Using this dataset we will create a model relating speed and stopping distance. Speed will be our predictor, and stopping distance will be our response. The argument is that cars traveling at a higher speed will require more distance to stop.

Let’s call and attach our data.

library(alr3)

## Loading required package: car

## Warning: package 'car' was built under R version 3.4.3

data(stopping)
attach(stopping)

Let’s create our model. Use the par(mfrow = c(2,2)) command to see all four diagnostic plots in a 2x2 grid.

mod11 <- lm(Distance ~ Speed)
par(mfrow = c(2,2))
plot(mod11)

We see that our model has a trend in the residuals and is heteroscadastic. Also, the residuals aren’t totally normally distributed.

Transofrmations

Let’s try some transformations to improve our model.

Square-root of our response:

mod12 <- lm(sqrt(Distance) ~ Speed)
par(mfrow = c(2,2))
plot(mod12)

Pretty good!
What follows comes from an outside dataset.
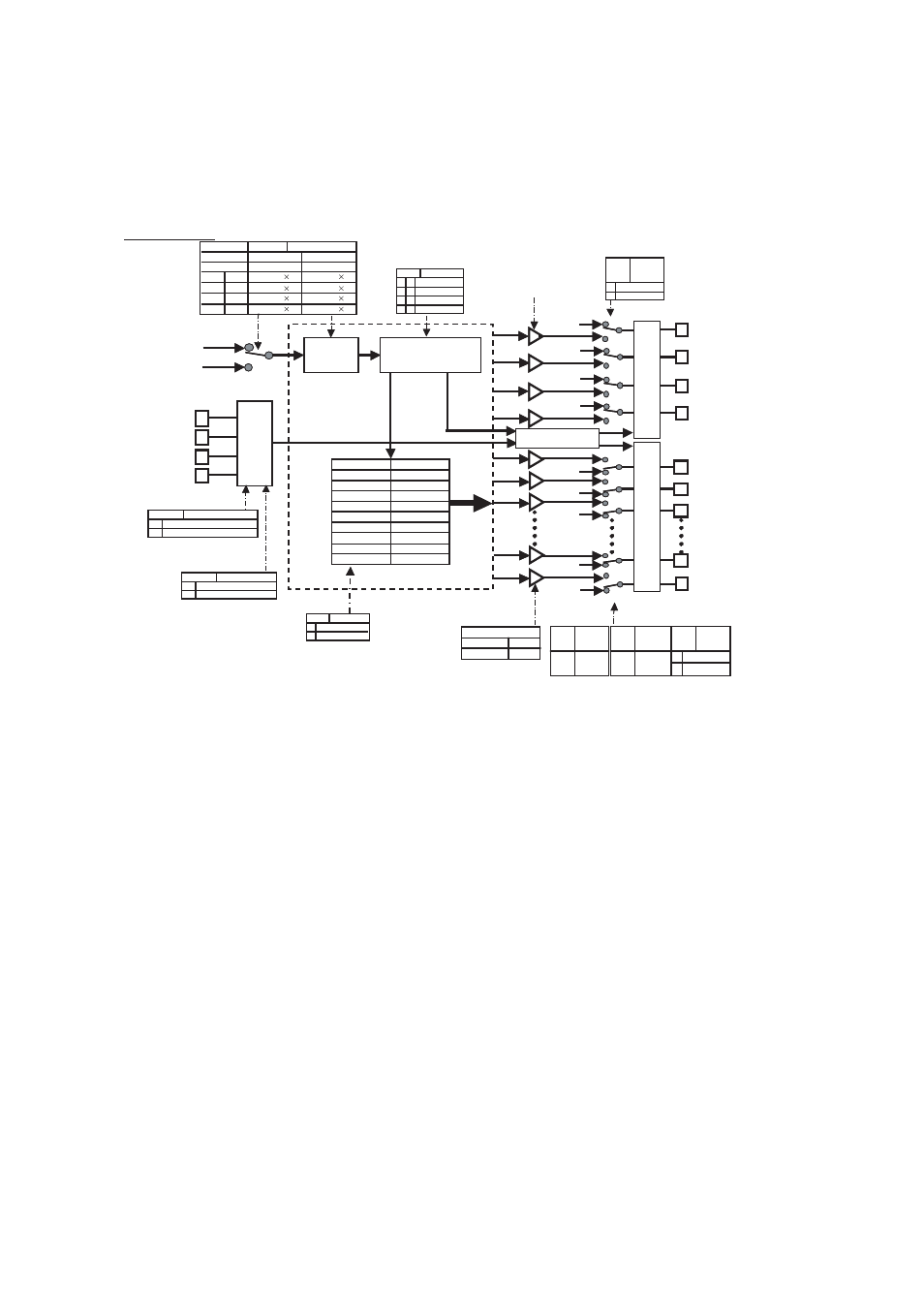 Configuration, Chapter 47 lcd controller 3.configuration, Lcd controller | FUJITSU MB91460 SERIES FR60 User Manual | Page 938 / 1038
The trend in our residuals is pretty much non existence, and the homoscadasticity and normality of our residuals improved.

Square-root of our response and predictor:

mod12a <- lm(sqrt(Distance) ~ sqrt(Speed))
par(mfrow = c(2,2))
plot(mod12a)

This model is worse than just the square-root of our response.

Log of our response:

mod13 <- lm(log(Distance) ~ Speed)
par(mfrow = c(2,2))
plot(mod13)

This is also not as good as our first transormation.

Log of our predictor:

mod13a <- lm(Distance ~ log(Speed))
par(mfrow = c(2,2))
plot(mod13a)

This model has really bad trend, and the residuals aren’t very normal.

Inverse of the response:

mod14 <- lm((1/Distance) ~ Speed)
par(mfrow = c(2,2))
plot(mod14)

This model still isn’t as good as the very first transformation.

mod14a <- lm((1/Distance) ~ (1/Speed))
par(mfrow = c(2,2))
plot(mod14a)

## hat values (leverages) are all = 0.01612903
##  and there are no factor predictors; no plot no. 5

This model clearly has major issues and does not work at all.

Overall, transforming the model by takign the square-root of the response produced the best model for this dataset.